There’s two things I know to be true: the majority of America’s eligible voters skip the ballot box and those of us who do vote spend our time between the ballot in misery and buck passing until the next election season.
This particular season has been especially miserable. We are mired in debt and surround daily by death. The incompetence of this administration is self-evident, I don’t gotta review it for you. But to its credit, it has successfully sown generational discord among its citizens.
When we’re all in ruin we have nothing left but the blame game to pursue. I watch the conversations across social media where the Left blames the Liberal Centrist who blames both the Leftist and the Far Right as one and the same.
We all want tidy source to villainize for our collective suffering. I decided early on not to make third party voters my villains of choice.
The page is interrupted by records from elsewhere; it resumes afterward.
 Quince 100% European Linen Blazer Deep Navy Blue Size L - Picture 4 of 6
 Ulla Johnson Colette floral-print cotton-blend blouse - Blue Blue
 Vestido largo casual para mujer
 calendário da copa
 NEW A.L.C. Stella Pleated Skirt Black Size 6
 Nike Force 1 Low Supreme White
Because I do fervently believe that Moral protest without material strategy becomes a luxury purchased with other people’s vulnerability. But ultimately I think it’s time we acknowledge that third party voting is not the only or even chief form of moral protest—abstaining the ballot is the most harmful form!
I am less interested now in relitigating who caused what than in asking what our political ethics revealed once the outcome became material. Because a vote is not merely a personal confession. It is not a private altar call. It is a public act inside a world where other people’s bodies absorb the consequences of our choices.
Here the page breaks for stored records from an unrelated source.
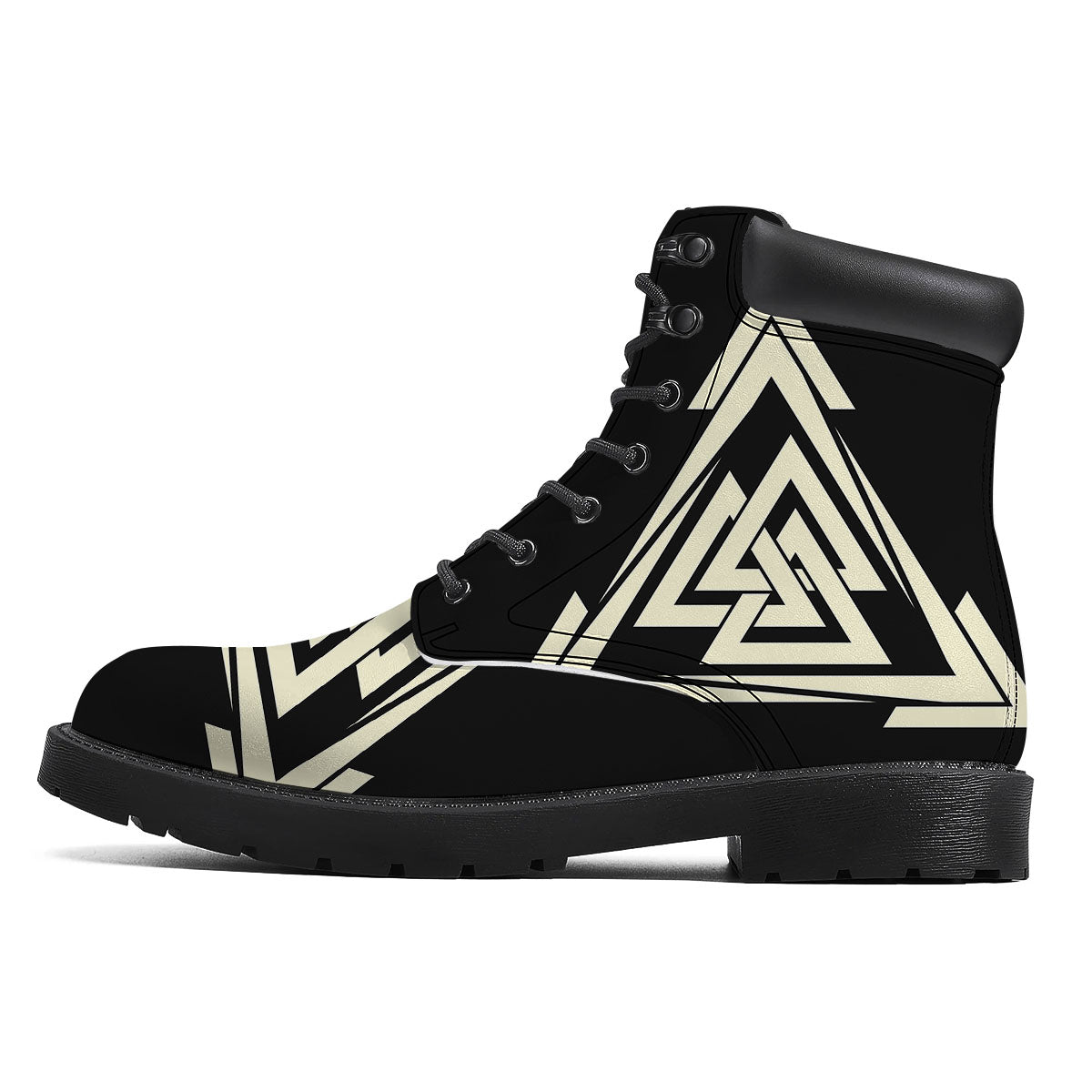 Viking Valknut Scandinavian Symbol Print Boots-grizzshop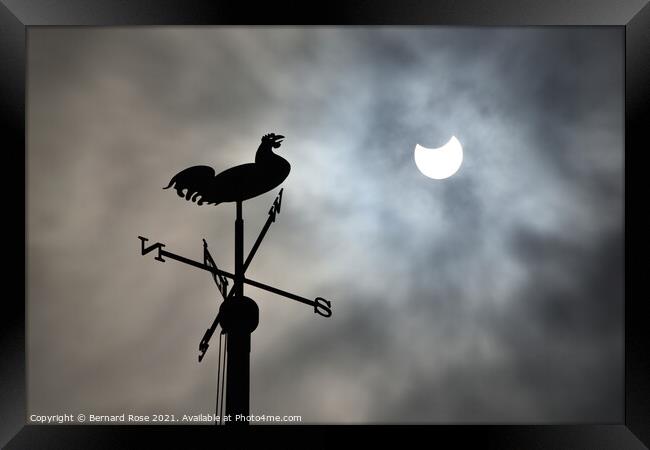 Partial Solar Eclipse Framed Print by Bernard Rose Photography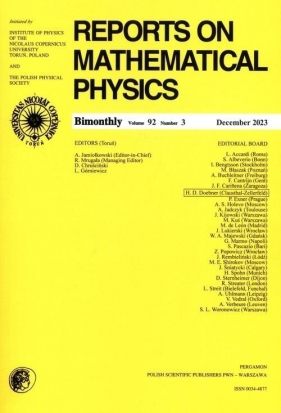 Reports on Mathematical Physics 92/3 - Opracowanie zbiorowe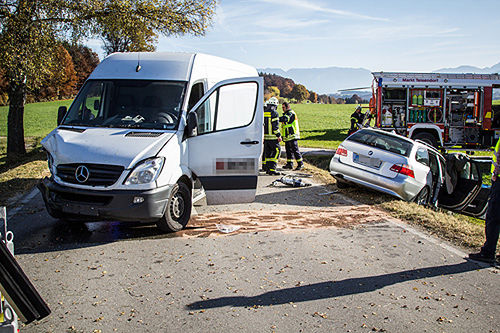 Unfall Teisendorf Brk Bgl 4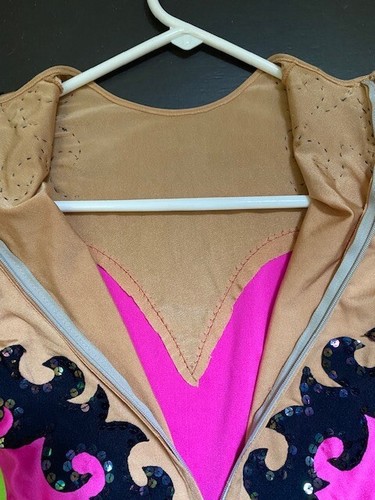 Custom Made Ladies Small/Medium Ice Dance Skating Competition Dress Tango Style - Picture 5 of 12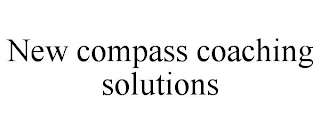 NEW COMPASS COACHING SOLUTIONS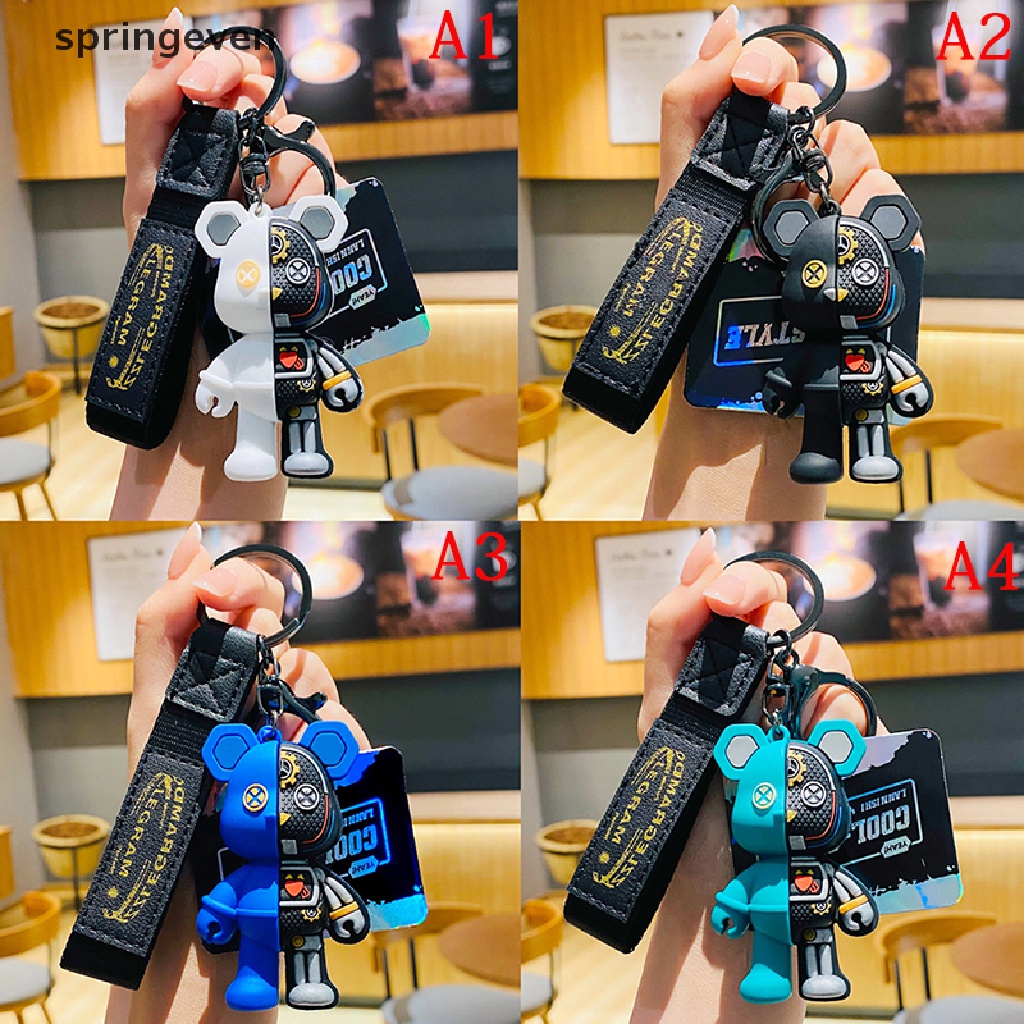 Móc Khóa Hình Đầu Lâu Cơ Bắp Gấu Hoạt Hình Vui Nhộn Thời Trang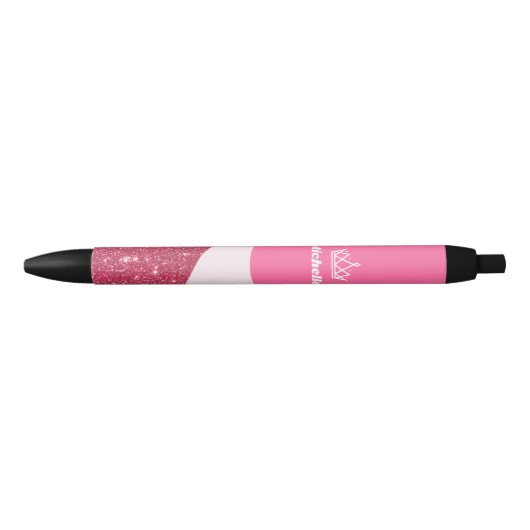 Pracht Autograaf Pen Roze Bes Sparkling Prachten (Voorkant)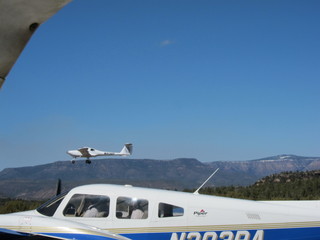 Diamond taking off at Payson (PAN)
Every voter carries an ethic to the ballot box. Some carry theology. Some carry fear. Some carry rage. Some carry strategy. Some carry grievance dressed as principle. Some carry moral absolutism so brittle it cannot survive the weight of consequence.
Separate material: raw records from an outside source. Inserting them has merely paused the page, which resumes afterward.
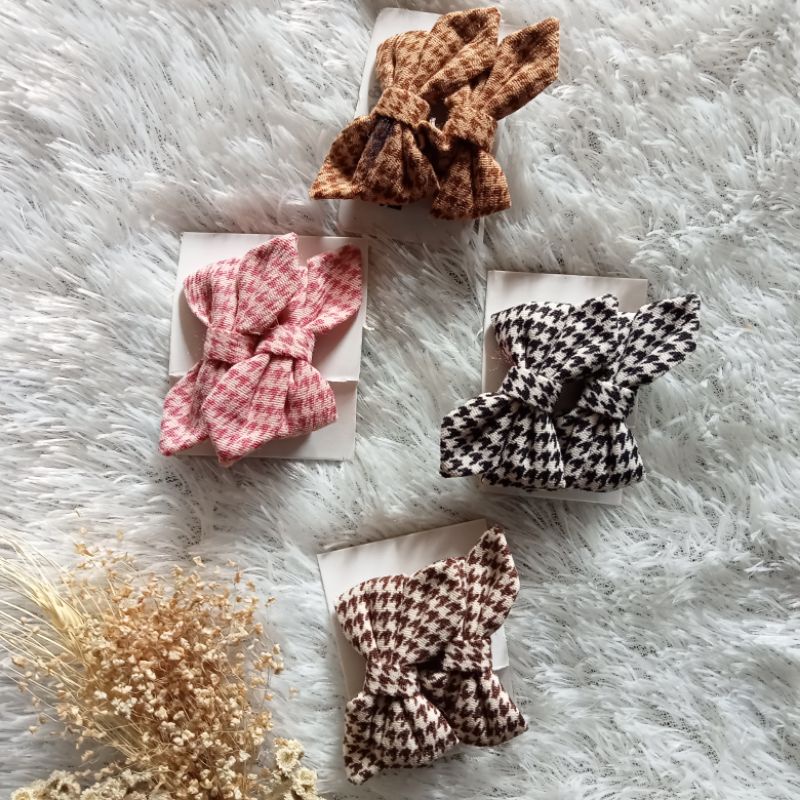 Jepitan Rambut Pita Hair Clip Mini Bow Pattern Jepit Bebek Pita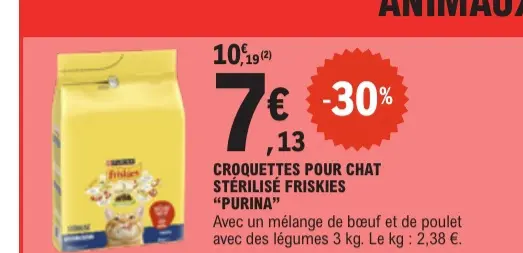 Promotie: Croquettes pour chat stérilisé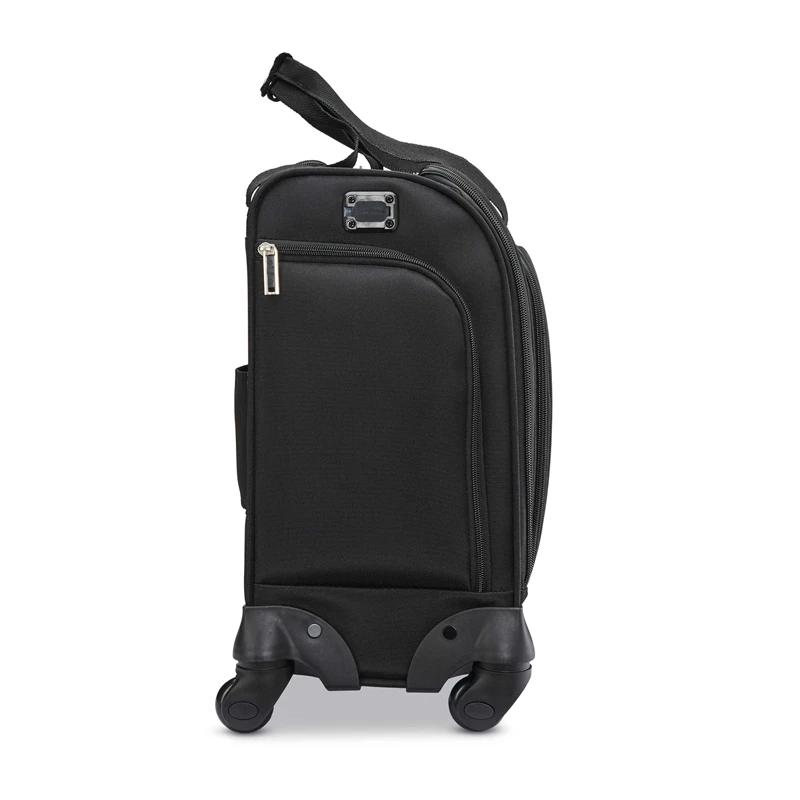 Black / White / Black Samsonite Spinner Underseater with USB Port Underseat Luggage | 532014-ZBC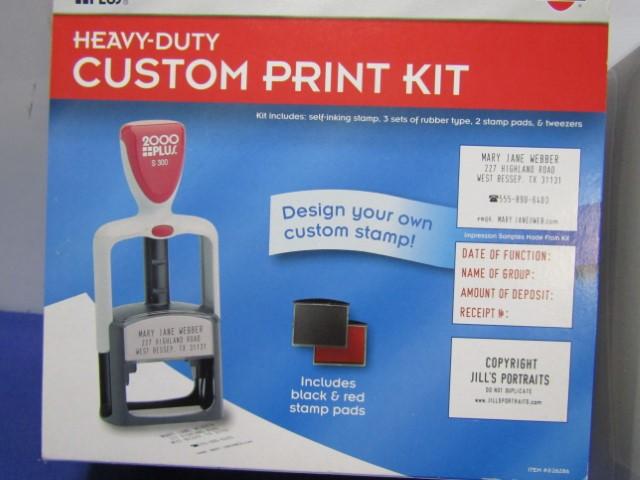 N I B Cosco Heavy Duty Custom Print Kit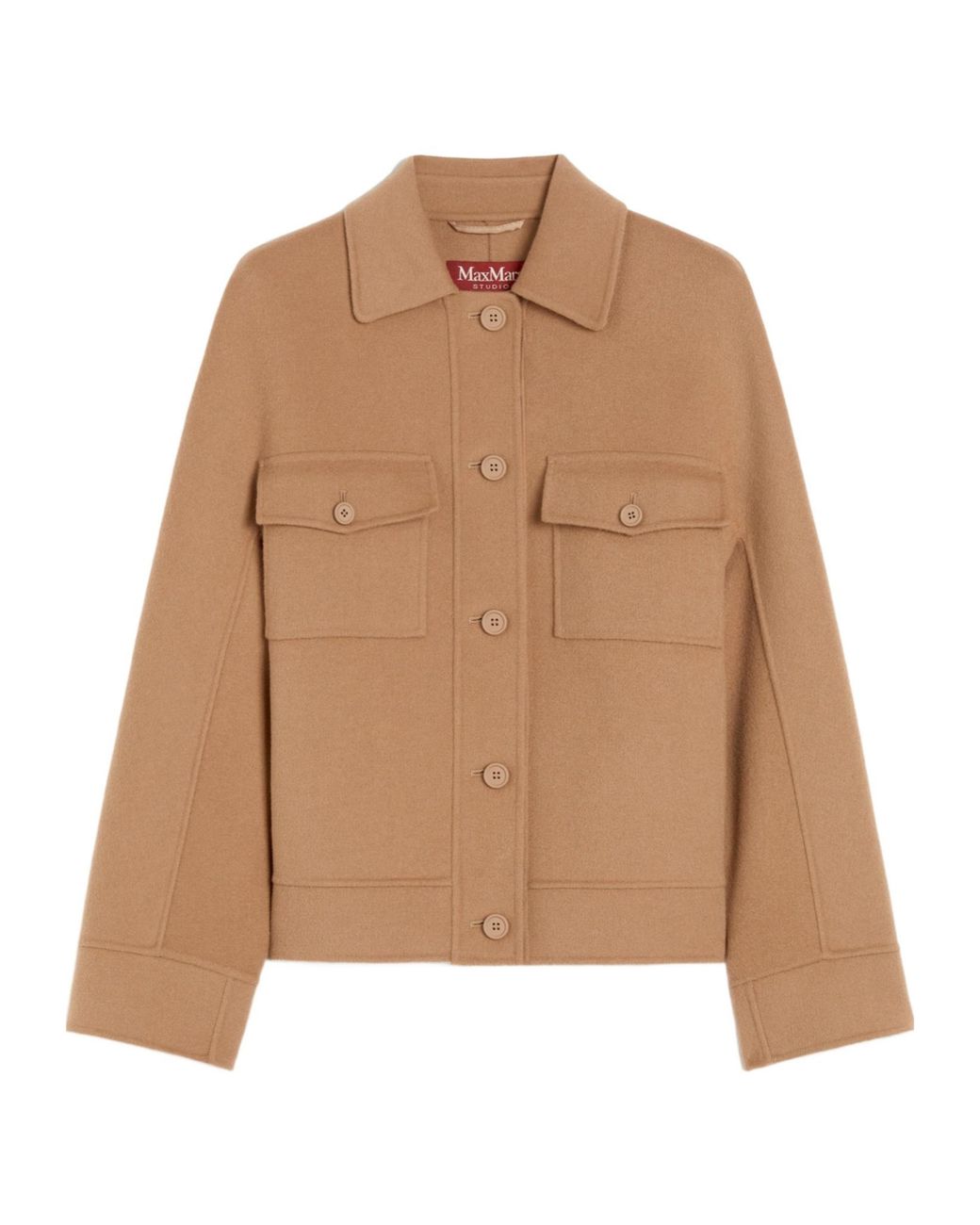 Max Mara Brown Studio Fiero Button-Up Jacket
The Voting Ethics We Carry
The Religious Obedience Ethic
There’s no more consequential single issue voter than the one who carries an ethic of Religious Obedience. I’m speaking of the saints who couldn’t vote for Kamala Harris because their theology insists that a penis is a prerequisite for leadership. Yet when asked what of this leadership has been God centered, God fearing, or Christ-led, the answers are bumbling nonsense. The question is not merely “sexism.” It’s whether their political theology recognizes Christ or only patriarchy with a Bible verse taped to it. Still even this is not our primary villain. The influence of the Religious Obedience Ethic is only outsized because we live in a nation of deep voter apathy as a whole
The Protest Purity Ethic
I don’t deny moral concern, I’m only wondering whether symbolic purity was fatally mistaken for strategy. The ballot is the most important site of political protest. And I also believe the conversation in the wake of election consequence has been dominated by people who used moral language to avoid reckoning with consequences. Yes, there were righteous grievances on the ballot, but a vote is not a private sacrament of self-expression; it is a public tool with consequences.
The Cheap Talk Ethic
One thing that life and history have taught me is that liberation requires infrastructure. The Underground Railroad din’t simply spring intro being from the altruism of dominating power. And Harriet ran first alone before endangering another soul to be free. So to talk about liberation and not build political alternatives, organize locally, support infrastructure, or vote consistently. And one egregious product of our modernity is an ethic that often performs political certainty in monetized spaces because problem statements are profitable and solutions are slow.
The Fearful Harm-Reduction Ethic
This is the ethic that is often framed as either ignorant or devoted to maintenance of harmful systems. But fear is not always cowardice. Sometimes fear is communal risk assessment.
The truth is not everyone who voted pragmatically was enthusiastic. Some people saw the system’s amorality and still could not responsibly gamble with disabled people, poor people, immigrants, queer and trans people, Black people, Palestinians, and other vulnerable communities when no survival infrastructure had been built to absorb the impact. Because as I often say, theories don’t bleed but bodies do. And it’s hard to hold all the material truths of the bodies that are left to absorb impact when we lack the systems designed to absorb it instead.
The White Supremacist Economic Ethic
And no matter what we pretend to believe alternatively, this ethic is and always has been the core driver of our collective misery. Sure, many voters did vote in their economic interest, but in America, whiteness has always been treated as an economic asset. Anti-Blackness is not a distraction from economic politics. It is one of the currencies through which American economic life has been organized.
Some of Us Wanna Get Even, But Some of Us Wanna Be Free
We can keep pretending the ballot is a purity test, a confession booth, or a stage for moral performance, but it has never been that innocent. The ballot is one imperfect instrument inside a larger struggle for survival, and our ethics are only as righteous as the bodies they are willing to protect.
Everybody talkin’ ’bout votin’ ain’t seekin’ justice.
Some are seeking innocence.
Some are seeking absolution.
Some are seeking power without responsibility.
Some are seeking collapse and calling it liberation.
I am not asking anyone to worship the vote. I am asking us to stop lying about what happens when we abandon it without building anything strong enough to catch the people who fall. But justice requires more than performance. It requires consequence, strategy, infrastructure, and care for the bodies left bleeding when our theories fail.
And until our politics can carry that much truth, the vote will remain what it has always been: not salvation, not allegiance, not revolution — but one tool in the hands of people still trying to survive the empire long enough to build something better.